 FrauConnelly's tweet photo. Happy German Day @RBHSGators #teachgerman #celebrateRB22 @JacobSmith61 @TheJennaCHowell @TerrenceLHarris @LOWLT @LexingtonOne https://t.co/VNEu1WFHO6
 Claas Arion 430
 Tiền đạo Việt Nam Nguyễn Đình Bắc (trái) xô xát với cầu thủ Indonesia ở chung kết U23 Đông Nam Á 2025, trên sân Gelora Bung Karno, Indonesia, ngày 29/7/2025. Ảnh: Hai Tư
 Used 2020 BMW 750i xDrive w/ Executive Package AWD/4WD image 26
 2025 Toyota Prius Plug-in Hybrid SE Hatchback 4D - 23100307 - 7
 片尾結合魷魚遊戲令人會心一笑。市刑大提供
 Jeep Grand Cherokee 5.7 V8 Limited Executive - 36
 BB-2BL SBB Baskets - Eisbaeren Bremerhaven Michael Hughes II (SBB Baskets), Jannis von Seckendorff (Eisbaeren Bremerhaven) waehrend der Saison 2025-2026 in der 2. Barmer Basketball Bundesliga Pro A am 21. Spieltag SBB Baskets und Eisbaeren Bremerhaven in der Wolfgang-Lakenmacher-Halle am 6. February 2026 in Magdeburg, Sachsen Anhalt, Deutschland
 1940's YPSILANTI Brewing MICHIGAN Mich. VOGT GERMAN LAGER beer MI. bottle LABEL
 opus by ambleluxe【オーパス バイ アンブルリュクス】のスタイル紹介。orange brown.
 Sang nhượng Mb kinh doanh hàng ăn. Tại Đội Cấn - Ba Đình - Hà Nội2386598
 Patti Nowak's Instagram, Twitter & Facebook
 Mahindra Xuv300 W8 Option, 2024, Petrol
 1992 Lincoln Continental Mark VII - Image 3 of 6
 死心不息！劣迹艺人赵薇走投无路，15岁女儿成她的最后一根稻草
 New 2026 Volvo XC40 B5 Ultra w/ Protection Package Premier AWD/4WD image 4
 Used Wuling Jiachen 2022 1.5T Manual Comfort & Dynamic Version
——————————
**Directions**
Print exactly, and only, the lines from the line that contains "BB-2BL SBB Baskets" through the last line of the records.

**Answer area**
 BB-2BL SBB Baskets - Eisbaeren Bremerhaven Michael Hughes II (SBB Baskets), Jannis von Seckendorff (Eisbaeren Bremerhaven) waehrend der Saison 2025-2026 in der 2. Barmer Basketball Bundesliga Pro A am 21. Spieltag SBB Baskets und Eisbaeren Bremerhaven in der Wolfgang-Lakenmacher-Halle am 6. February 2026 in Magdeburg, Sachsen Anhalt, Deutschland
 1940's YPSILANTI Brewing MICHIGAN Mich. VOGT GERMAN LAGER beer MI. bottle LABEL
 opus by ambleluxe【オーパス バイ アンブルリュクス】のスタイル紹介。orange brown.
 Sang nhượng Mb kinh doanh hàng ăn. Tại Đội Cấn - Ba Đình - Hà Nội2386598
 Patti Nowak's Instagram, Twitter & Facebook
 Mahindra Xuv300 W8 Option, 2024, Petrol
 1992 Lincoln Continental Mark VII - Image 3 of 6
 死心不息！劣迹艺人赵薇走投无路，15岁女儿成她的最后一根稻草
 New 2026 Volvo XC40 B5 Ultra w/ Protection Package Premier AWD/4WD image 4
 Used Wuling Jiachen 2022 1.5T Manual Comfort & Dynamic Version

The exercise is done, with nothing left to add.